> [DATASET EXTRACT]
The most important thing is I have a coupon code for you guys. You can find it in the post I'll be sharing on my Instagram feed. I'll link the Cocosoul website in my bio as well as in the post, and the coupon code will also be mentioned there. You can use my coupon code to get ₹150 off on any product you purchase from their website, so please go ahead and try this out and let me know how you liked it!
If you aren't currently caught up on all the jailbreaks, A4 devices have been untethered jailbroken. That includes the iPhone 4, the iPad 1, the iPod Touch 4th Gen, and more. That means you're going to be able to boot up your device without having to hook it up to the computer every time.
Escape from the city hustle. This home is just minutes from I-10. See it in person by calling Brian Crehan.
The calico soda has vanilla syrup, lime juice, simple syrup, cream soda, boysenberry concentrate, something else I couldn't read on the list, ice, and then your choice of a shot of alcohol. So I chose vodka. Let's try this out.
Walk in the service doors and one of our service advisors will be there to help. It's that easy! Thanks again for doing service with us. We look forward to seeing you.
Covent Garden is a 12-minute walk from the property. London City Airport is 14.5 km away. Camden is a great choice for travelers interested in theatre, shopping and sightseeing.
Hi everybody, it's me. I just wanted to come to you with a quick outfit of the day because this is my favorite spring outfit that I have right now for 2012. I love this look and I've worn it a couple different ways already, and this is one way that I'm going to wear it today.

* * *

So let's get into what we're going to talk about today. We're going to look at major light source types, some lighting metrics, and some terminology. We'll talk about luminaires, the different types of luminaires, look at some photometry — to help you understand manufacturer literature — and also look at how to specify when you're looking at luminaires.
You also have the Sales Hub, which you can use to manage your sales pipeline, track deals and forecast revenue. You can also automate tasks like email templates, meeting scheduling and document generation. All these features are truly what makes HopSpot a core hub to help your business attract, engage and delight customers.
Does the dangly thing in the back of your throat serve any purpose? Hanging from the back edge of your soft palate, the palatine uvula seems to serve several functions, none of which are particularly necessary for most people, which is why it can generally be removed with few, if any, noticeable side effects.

> [EXERCISE OBJECTIVE]
Using the data above, tally the lines that contain the string "just" and state only the result.

> [RESPONSE FOR THIS EXERCISE]
2